I can't see your screen so not knowing what you typed makes it hard.

[felix@gemini ~]$ rclone mount DB: /home/felix/test --rc -vv --rc-addr :7758
2023/10/05 07:34:03 DEBUG : Setting --config "/opt/rclone/rclone.conf" from environment variable RCLONE_CONFIG="/opt/rclone/rclone.conf"
2023/10/05 07:34:03 DEBUG : rclone: Version "v1.64.0" starting with parameters ["rclone" "mount" "DB:" "/home/felix/test" "--rc" "-vv" "--rc-addr" ":7758"]
2023/10/05 07:34:03 NOTICE: Serving remote control on http://[::]:7758/
2023/10/05 07:34:03 DEBUG : Creating backend with remote "DB:"
2023/10/05 07:34:03 DEBUG : Using config file from "/opt/rclone/rclone.conf"
2023/10/05 07:34:03 DEBUG : Dropbox root '': Mounting on "/home/felix/test"
2023/10/05 07:34:03 DEBUG : : Root:
2023/10/05 07:34:03 DEBUG : : >Root: node=/, err=<nil>
2023/10/05 07:35:03 DEBUG : Dropbox root '': Checking for changes on remote
2023/10/05 07:35:18 DEBUG : rc: "vfs/refresh": with parameters map[recursive:true]
2023/10/05 07:35:18 DEBUG : : Reading directory tree

and my rc command.

[felix@gemini ~]$ rclone rc vfs/refresh recursive=true --url 127.0.0.1:7758

So you have to set a user name and password if you want one.

FUSE is just wants makes the file system available in the user space and rclone sits on top of it.

If you crawl the mount, it does that directory by directory.

If the remote supports a recursive listing and you use the vfs refresh, it will be faster to build the directory cache.

Either work fine.
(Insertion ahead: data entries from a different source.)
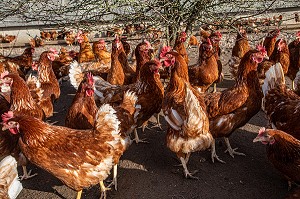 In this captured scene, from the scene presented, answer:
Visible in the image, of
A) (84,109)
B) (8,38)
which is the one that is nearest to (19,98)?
(84,109)

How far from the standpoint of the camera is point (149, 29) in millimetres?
6770

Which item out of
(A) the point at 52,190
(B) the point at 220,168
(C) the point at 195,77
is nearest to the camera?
(A) the point at 52,190

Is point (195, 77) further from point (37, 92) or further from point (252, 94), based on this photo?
point (37, 92)

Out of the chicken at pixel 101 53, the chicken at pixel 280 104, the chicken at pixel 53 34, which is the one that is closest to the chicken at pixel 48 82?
the chicken at pixel 101 53

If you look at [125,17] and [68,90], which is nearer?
[125,17]

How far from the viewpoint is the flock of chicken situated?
124 inches

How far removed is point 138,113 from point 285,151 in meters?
1.93

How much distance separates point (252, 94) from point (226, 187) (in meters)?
1.27

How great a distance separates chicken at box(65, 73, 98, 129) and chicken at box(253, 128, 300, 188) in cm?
212

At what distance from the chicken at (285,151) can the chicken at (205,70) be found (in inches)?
93.2

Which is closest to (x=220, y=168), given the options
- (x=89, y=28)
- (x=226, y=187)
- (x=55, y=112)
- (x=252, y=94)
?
(x=226, y=187)

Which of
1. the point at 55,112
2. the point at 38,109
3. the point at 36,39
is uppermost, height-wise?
the point at 36,39

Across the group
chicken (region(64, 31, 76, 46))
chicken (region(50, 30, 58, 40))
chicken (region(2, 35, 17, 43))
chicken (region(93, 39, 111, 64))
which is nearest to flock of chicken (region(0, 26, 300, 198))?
chicken (region(93, 39, 111, 64))

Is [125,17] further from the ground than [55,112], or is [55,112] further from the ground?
[125,17] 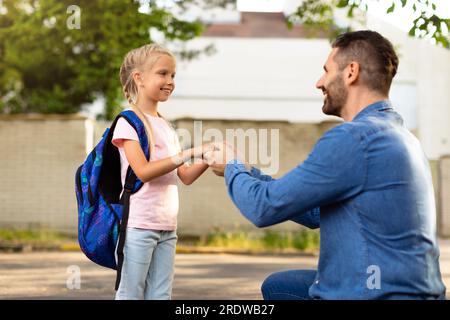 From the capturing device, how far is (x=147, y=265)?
365 cm

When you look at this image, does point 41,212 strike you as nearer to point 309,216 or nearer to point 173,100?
point 309,216

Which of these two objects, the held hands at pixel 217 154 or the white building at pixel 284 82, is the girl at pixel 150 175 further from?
the white building at pixel 284 82

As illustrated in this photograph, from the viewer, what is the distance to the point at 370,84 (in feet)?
9.71

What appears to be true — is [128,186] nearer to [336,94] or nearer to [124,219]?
[124,219]

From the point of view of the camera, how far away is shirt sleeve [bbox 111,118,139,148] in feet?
11.9

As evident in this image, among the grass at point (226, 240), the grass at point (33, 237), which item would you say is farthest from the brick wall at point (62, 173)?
the grass at point (33, 237)

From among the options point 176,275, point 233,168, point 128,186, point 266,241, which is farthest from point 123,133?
point 266,241

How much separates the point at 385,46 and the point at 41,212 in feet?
45.2

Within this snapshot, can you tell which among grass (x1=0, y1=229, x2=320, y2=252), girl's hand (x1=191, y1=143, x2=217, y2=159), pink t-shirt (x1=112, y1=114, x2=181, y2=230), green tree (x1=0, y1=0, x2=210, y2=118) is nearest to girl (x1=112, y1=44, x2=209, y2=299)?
pink t-shirt (x1=112, y1=114, x2=181, y2=230)

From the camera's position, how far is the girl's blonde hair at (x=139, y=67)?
373cm

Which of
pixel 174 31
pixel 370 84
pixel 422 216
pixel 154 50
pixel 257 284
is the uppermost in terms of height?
pixel 174 31

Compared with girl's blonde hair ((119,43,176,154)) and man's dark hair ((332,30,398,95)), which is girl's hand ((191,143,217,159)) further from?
man's dark hair ((332,30,398,95))

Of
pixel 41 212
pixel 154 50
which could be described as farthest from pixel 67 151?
pixel 154 50

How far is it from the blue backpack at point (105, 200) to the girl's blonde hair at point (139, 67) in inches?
1.6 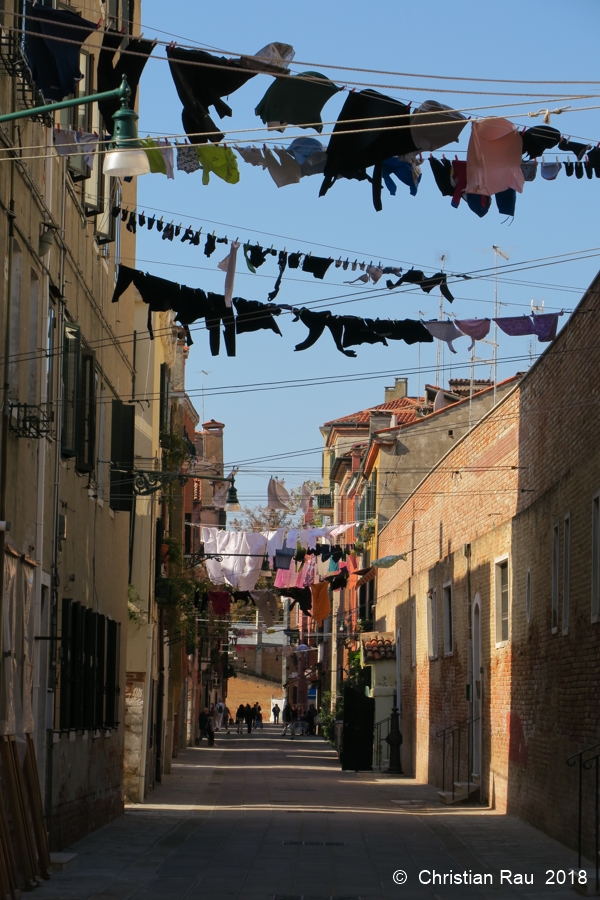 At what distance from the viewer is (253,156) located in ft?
38.4

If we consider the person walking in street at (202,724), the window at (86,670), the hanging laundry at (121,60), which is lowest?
the person walking in street at (202,724)

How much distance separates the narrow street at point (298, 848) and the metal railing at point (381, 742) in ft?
28.9

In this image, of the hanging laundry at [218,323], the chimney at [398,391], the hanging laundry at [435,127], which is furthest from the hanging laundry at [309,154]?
the chimney at [398,391]

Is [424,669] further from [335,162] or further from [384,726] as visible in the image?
[335,162]

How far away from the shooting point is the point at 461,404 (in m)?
40.9

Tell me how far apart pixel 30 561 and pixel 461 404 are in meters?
29.1

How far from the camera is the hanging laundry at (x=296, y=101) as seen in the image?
11.0m

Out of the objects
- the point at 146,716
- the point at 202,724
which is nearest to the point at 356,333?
the point at 146,716

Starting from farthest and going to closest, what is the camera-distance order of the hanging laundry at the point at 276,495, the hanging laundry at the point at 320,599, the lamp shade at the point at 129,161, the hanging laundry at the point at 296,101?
1. the hanging laundry at the point at 320,599
2. the hanging laundry at the point at 276,495
3. the hanging laundry at the point at 296,101
4. the lamp shade at the point at 129,161

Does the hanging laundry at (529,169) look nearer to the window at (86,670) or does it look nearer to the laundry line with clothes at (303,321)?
the laundry line with clothes at (303,321)

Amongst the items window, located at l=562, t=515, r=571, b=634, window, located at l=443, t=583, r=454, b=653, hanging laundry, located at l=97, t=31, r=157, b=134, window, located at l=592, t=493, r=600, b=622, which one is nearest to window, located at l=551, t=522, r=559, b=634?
window, located at l=562, t=515, r=571, b=634

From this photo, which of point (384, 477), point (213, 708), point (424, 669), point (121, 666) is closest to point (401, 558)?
point (424, 669)

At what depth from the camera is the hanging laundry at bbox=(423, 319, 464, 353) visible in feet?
51.0

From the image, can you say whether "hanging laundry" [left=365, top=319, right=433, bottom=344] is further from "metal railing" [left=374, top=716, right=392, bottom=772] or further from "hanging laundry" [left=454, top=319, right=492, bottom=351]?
"metal railing" [left=374, top=716, right=392, bottom=772] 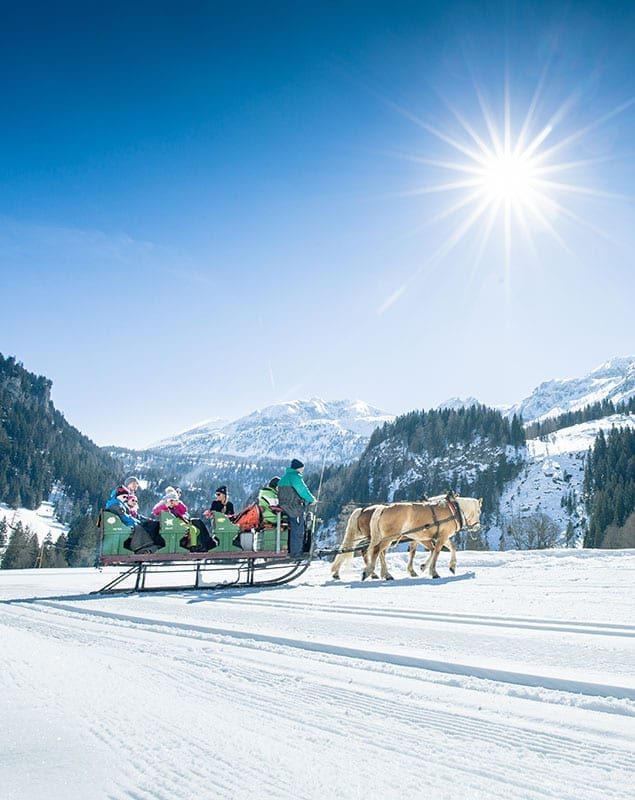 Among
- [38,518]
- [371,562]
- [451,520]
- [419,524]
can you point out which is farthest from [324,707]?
[38,518]

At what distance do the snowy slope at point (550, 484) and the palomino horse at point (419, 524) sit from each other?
4922 inches

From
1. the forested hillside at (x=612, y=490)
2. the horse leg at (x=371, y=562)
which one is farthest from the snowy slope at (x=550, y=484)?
the horse leg at (x=371, y=562)

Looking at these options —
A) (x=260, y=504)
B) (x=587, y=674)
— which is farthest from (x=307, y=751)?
(x=260, y=504)

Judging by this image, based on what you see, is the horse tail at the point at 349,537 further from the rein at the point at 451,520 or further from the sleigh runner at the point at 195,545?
the sleigh runner at the point at 195,545

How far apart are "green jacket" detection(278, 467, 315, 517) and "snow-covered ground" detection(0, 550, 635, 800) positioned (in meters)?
4.97

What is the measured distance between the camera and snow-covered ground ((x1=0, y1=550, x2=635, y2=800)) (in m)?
1.80

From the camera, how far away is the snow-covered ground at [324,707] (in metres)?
1.80

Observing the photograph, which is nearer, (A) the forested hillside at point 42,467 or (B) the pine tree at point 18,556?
(B) the pine tree at point 18,556

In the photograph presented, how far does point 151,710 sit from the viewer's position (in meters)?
2.59

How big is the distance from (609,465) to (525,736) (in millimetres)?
139757

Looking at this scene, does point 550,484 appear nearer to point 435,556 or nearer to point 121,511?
point 435,556

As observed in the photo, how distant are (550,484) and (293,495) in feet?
512

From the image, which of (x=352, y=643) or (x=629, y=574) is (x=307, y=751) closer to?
(x=352, y=643)

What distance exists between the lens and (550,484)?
14962cm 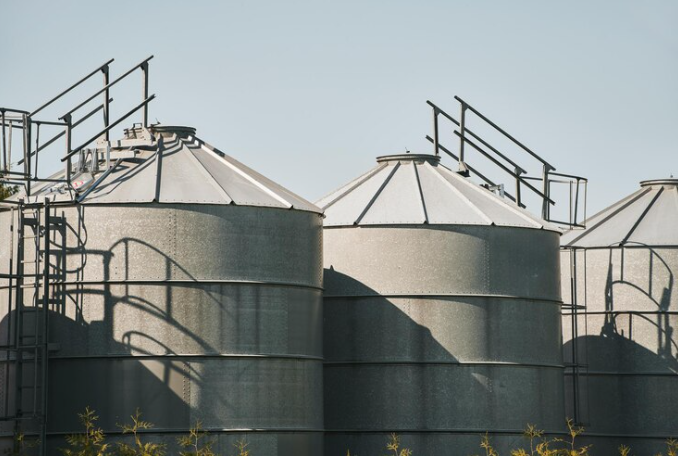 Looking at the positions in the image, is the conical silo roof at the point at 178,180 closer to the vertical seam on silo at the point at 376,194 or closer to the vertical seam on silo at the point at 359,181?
the vertical seam on silo at the point at 376,194

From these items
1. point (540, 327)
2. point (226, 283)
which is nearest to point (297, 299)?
point (226, 283)

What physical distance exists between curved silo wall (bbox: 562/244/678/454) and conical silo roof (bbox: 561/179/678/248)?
0.26 m

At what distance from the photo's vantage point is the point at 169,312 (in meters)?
25.2

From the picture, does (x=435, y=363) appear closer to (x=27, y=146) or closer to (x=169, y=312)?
(x=169, y=312)

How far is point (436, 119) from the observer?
113 feet

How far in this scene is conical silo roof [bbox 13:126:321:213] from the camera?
25.7m

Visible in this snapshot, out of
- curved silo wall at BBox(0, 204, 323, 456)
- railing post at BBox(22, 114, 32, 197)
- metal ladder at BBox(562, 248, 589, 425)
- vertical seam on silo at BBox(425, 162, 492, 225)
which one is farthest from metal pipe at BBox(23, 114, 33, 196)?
metal ladder at BBox(562, 248, 589, 425)

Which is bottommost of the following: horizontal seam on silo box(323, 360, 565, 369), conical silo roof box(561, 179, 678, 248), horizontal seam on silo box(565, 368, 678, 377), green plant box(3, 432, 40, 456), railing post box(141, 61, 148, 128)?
green plant box(3, 432, 40, 456)

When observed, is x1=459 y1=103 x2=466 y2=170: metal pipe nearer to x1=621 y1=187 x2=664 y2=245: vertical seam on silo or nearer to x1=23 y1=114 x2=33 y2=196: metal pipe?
x1=621 y1=187 x2=664 y2=245: vertical seam on silo

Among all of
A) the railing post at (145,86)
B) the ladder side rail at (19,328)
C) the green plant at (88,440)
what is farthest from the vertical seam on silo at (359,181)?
the green plant at (88,440)

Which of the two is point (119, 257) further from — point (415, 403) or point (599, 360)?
point (599, 360)

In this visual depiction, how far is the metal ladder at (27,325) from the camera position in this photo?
25.1m

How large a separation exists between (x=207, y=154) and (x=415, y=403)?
20.3ft

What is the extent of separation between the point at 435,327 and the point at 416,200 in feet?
8.99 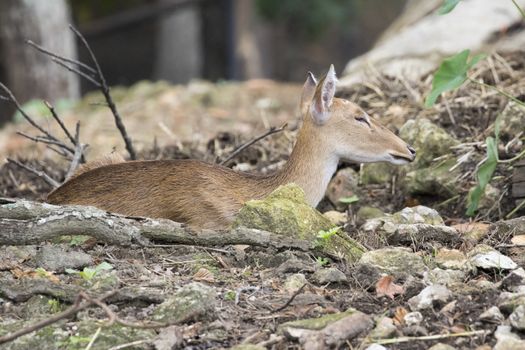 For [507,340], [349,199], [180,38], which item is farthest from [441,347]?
[180,38]

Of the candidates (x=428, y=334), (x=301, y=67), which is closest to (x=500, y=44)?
(x=428, y=334)

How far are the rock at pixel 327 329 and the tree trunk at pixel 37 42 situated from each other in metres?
8.68

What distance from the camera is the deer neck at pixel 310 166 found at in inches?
205

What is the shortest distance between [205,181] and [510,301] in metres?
1.78

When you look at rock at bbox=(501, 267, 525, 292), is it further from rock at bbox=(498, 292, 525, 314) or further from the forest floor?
rock at bbox=(498, 292, 525, 314)

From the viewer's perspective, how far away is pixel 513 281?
374 cm

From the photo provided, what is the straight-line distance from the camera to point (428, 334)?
3430 mm

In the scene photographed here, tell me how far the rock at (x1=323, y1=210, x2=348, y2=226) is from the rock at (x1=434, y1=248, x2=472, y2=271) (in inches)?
38.1

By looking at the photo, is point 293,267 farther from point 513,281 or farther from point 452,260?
point 513,281

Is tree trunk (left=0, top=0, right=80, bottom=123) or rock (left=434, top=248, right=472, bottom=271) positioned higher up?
rock (left=434, top=248, right=472, bottom=271)

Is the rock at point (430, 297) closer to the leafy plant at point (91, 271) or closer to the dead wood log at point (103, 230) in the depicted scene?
the dead wood log at point (103, 230)

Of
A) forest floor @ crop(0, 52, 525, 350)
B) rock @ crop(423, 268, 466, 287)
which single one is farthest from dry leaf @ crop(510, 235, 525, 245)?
rock @ crop(423, 268, 466, 287)

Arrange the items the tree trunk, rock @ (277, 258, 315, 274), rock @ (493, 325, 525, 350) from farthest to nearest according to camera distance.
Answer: the tree trunk
rock @ (277, 258, 315, 274)
rock @ (493, 325, 525, 350)

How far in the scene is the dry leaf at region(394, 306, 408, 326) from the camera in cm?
351
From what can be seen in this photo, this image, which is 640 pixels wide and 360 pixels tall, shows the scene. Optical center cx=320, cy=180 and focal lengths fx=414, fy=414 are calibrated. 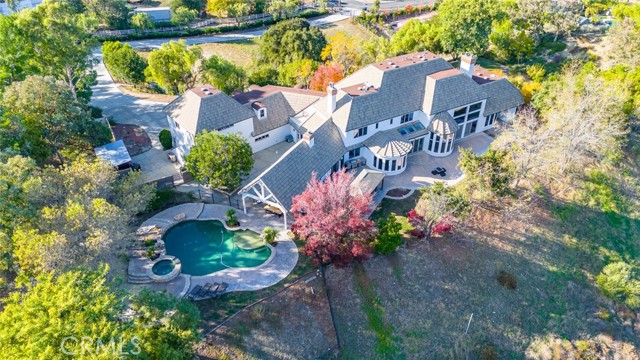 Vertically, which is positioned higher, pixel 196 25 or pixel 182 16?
pixel 182 16

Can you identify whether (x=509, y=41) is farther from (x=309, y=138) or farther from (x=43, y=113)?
(x=43, y=113)

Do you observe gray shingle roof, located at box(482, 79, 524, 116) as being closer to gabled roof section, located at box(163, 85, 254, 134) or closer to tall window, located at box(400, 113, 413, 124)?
tall window, located at box(400, 113, 413, 124)

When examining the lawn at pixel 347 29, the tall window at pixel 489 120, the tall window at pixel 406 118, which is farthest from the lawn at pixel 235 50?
the tall window at pixel 489 120

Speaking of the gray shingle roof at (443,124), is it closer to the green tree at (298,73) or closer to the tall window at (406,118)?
the tall window at (406,118)

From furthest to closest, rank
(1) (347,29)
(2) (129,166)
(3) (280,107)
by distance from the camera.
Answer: (1) (347,29) → (3) (280,107) → (2) (129,166)

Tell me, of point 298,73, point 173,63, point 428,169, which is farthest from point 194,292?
point 298,73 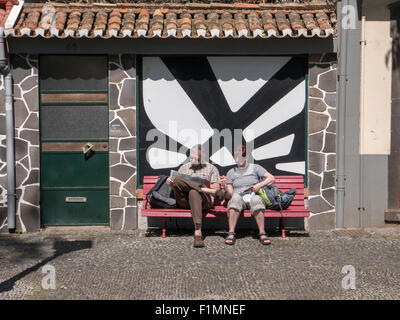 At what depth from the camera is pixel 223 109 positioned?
7.79 m

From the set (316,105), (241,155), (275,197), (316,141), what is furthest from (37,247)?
(316,105)

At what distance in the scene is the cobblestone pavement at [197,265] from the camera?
482 cm

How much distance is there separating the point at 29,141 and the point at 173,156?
7.29 ft

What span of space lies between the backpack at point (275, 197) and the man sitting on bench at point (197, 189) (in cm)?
62

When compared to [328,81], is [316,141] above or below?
below

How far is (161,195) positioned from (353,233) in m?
2.91

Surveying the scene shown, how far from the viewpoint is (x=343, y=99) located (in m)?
7.63

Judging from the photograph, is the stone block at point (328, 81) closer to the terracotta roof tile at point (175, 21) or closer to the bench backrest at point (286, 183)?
the terracotta roof tile at point (175, 21)

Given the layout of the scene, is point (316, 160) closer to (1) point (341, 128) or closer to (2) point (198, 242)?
(1) point (341, 128)

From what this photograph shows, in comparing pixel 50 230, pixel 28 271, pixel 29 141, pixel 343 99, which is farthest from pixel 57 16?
pixel 343 99

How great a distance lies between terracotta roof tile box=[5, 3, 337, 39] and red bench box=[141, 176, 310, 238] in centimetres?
215

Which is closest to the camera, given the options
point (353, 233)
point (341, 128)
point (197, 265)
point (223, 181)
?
point (197, 265)

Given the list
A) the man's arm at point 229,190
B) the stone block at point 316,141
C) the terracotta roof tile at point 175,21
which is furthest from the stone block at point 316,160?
the terracotta roof tile at point 175,21

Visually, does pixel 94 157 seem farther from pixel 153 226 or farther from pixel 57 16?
pixel 57 16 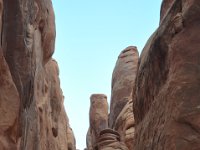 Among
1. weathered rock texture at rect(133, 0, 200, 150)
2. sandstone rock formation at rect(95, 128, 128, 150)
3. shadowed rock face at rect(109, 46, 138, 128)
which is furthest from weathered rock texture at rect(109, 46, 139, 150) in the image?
weathered rock texture at rect(133, 0, 200, 150)

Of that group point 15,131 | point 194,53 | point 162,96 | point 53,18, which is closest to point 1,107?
point 15,131

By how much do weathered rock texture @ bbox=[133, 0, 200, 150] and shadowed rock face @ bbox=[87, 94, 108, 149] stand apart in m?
22.3

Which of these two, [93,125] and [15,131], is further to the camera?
[93,125]

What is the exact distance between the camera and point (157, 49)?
9789 millimetres

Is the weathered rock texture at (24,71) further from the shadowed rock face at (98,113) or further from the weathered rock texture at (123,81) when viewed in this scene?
the shadowed rock face at (98,113)

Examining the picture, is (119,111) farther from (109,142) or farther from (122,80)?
(109,142)

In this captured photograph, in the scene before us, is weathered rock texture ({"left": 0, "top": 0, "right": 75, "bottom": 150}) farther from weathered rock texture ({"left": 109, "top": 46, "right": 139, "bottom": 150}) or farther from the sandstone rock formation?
weathered rock texture ({"left": 109, "top": 46, "right": 139, "bottom": 150})

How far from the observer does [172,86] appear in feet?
27.9

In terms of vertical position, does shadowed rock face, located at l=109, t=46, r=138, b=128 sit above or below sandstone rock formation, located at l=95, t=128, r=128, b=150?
above

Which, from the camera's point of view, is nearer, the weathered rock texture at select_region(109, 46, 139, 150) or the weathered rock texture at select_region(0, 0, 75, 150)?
the weathered rock texture at select_region(0, 0, 75, 150)

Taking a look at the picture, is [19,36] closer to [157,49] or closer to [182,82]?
[157,49]

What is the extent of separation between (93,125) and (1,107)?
2410cm

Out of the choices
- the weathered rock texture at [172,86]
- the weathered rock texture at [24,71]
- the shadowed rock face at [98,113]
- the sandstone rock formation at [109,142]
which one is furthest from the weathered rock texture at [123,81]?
the weathered rock texture at [172,86]

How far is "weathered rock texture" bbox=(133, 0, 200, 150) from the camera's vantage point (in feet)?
25.9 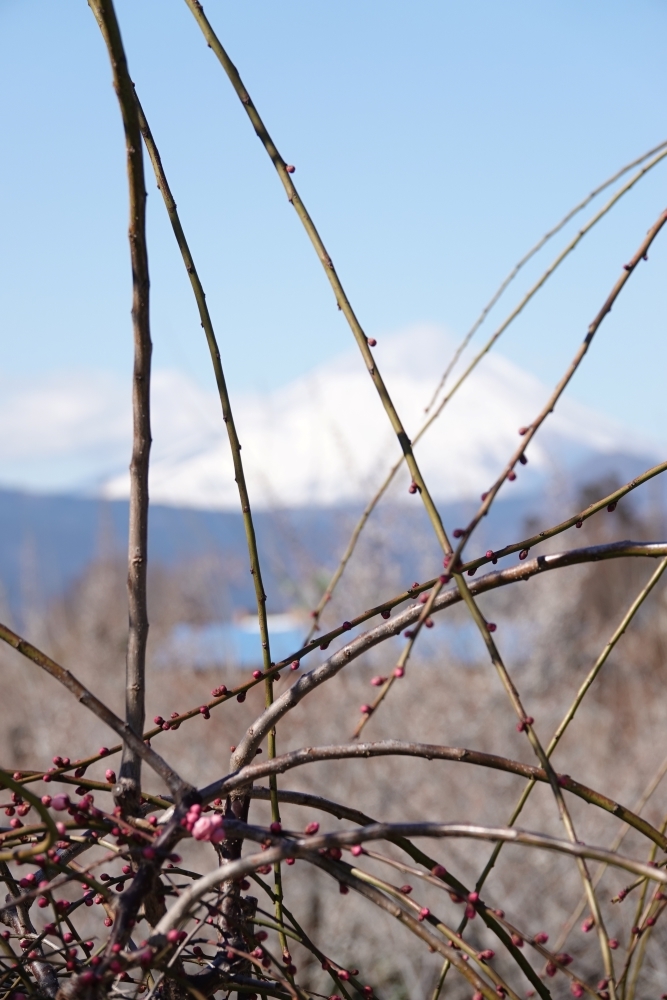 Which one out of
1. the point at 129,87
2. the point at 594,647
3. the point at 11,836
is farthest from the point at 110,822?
the point at 594,647

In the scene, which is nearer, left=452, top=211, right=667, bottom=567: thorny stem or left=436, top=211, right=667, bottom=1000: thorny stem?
left=436, top=211, right=667, bottom=1000: thorny stem

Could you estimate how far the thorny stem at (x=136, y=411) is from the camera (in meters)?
0.38

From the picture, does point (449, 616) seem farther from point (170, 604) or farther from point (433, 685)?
point (170, 604)

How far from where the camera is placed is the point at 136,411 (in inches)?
17.7

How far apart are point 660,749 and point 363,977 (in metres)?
1.20

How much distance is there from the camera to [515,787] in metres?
2.99

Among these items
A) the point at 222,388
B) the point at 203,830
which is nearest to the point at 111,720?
the point at 203,830

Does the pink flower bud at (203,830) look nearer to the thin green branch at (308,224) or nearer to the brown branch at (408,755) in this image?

I'd probably use cron, but it really doesn't matter as it what works for you.

Maybe? You'd want to test and see if it works for you better. Your use case is unique to your setup/flow/etc. Best to just test and figure out what works best for you as if it works for me, it might be great for you.

The command I typed was literally rclone rc operations/list which I got from the rc documentation and the response of that command was the json I had pasted below it.

I 'll give it a go and see how well it works, unless ncw chimes in with another good idea!

Right as that's telling you:

[felix@gemini ~]$ rclone rc operations/list --url 127.0.0.1:7758
2023/10/05 08:42:05 Failed to rc: failed to read rc response: 403 Forbidden: {
	"error": "authentication must be set up on the rc server to use \"operations/list\" or the --rc-no-auth flag must be in use",
	"input": {},
	"path": "operations/list",
	"status": 403
}

That you need to either setup

--rc-no-auth

or setup a user name and password.

Exactly, that was an example to show that by default there is no user / pass, as you mentioned it might auto generate one.
For my use case there is no need to create a user/pass or use the no-auth as the vfs commands do not require authorization.

Not exactly as you can see from mine, for the refresh command, you don't need it, hence why I shared the command.

^^^^^^^^^^^^^^^^^^^^^

I am confused. Aren't we saying the same thing all this time?
By defining just --rc, rc will allow you to use only commands that do not require authorization.
Any command that does require authorization will get rejected unless you do specify user/pass or set the --no-auth. For example the operations/list command.

Unless you are referring to something in the DEBUG?

Do you need anything else as I'm not sure what you are asking at this point? Is something not working?

No it is fine. We are going in circles saying the same thing.

Thanks for the help btw.

This topic was automatically closed 30 days after the last reply. New replies are no longer allowed.